Instead of a worn-out, alcoholic chief in­spector in the lead role, I wanted a young, career-oriented woman my own age. Emma Sköld follows in her father’s footsteps, without his blessing. He thinks there are too many risks in police work, and it will turn out that he’s right. Emma encounters prejudice in her job as a homicide investigator, because she is young and beautiful. No one expects that she will be the most competent of them all and dare to question what no one else will. The problem is that Emma Sköld is a little too smart for her own good, which will strike back at her when she starts digging in an in­vestigation that is already considered solved.

What similarities do you and Emma Sköld have?
We’re the same age and we also share a burning interest in our work, plus neither she nor I choose the simplest paths in life. She chose a police career, even though it’s de­manding and tough. And I, who loved sports, applied for a job at a newspaper sports desk, where ninety-nine percent of the employees were men. But that’s an experience I wouldn’t give up. Then we have the sister relationship, Emma and Josefin. Because I have two sis­ters and two daughters besides, it’s not too hard to find inspiration for their relationship.
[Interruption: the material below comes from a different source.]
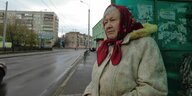 Alte Frau steht an Straßenrand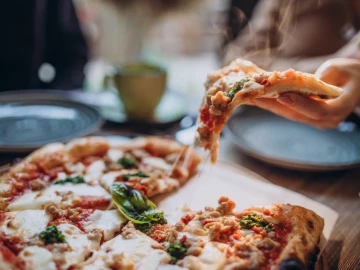 Pizza recién horneada servida en porciones, símbolo del crecimiento de las franquicias de pizzerías en España.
The competition and struggle for parental at­tention carries on from childhood, both for me and for my characters. I think that many readers with siblings will recognize that.

Is it important to read the Emma Sköld series in the chronological order?

It’s not necessary, you can read them as stand alones. But after Killer deal (Visning pågår) I think it’s more exciting to read them in the right order they were written. Enjoy!